RECORDED DATA.
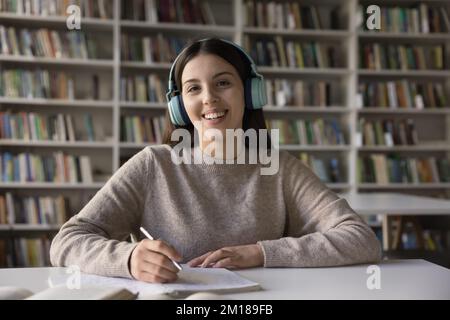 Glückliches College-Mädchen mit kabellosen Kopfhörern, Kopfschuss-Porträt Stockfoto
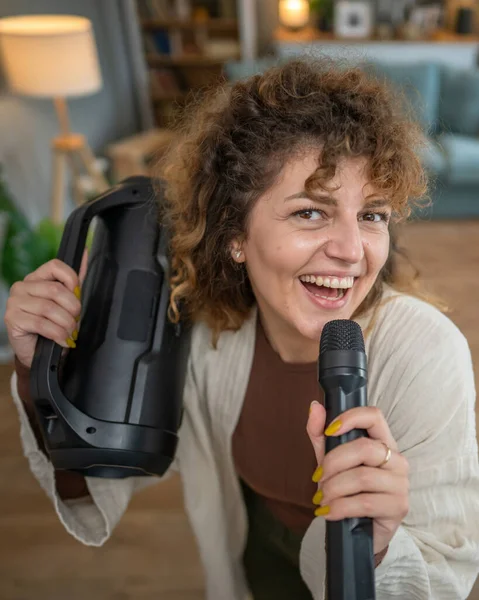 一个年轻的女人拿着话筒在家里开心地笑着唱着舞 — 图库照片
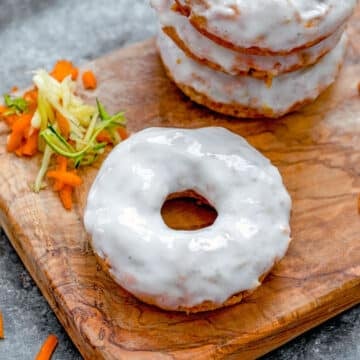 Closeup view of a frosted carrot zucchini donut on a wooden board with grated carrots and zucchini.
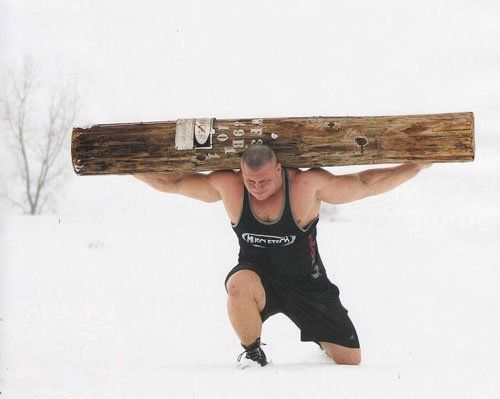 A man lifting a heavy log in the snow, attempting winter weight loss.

WHAT YOU HAVE TO DO. Every line of the listing above is to be retyped exactly, but the pictures are to be dropped.

EXERCISE RESPONSE.
 Glückliches College-Mädchen mit kabellosen Kopfhörern, Kopfschuss-Porträt Stockfoto
 一个年轻的女人拿着话筒在家里开心地笑着唱着舞 — 图库照片
 Closeup view of a frosted carrot zucchini donut on a wooden board with grated carrots and zucchini.
 A man lifting a heavy log in the snow, attempting winter weight loss.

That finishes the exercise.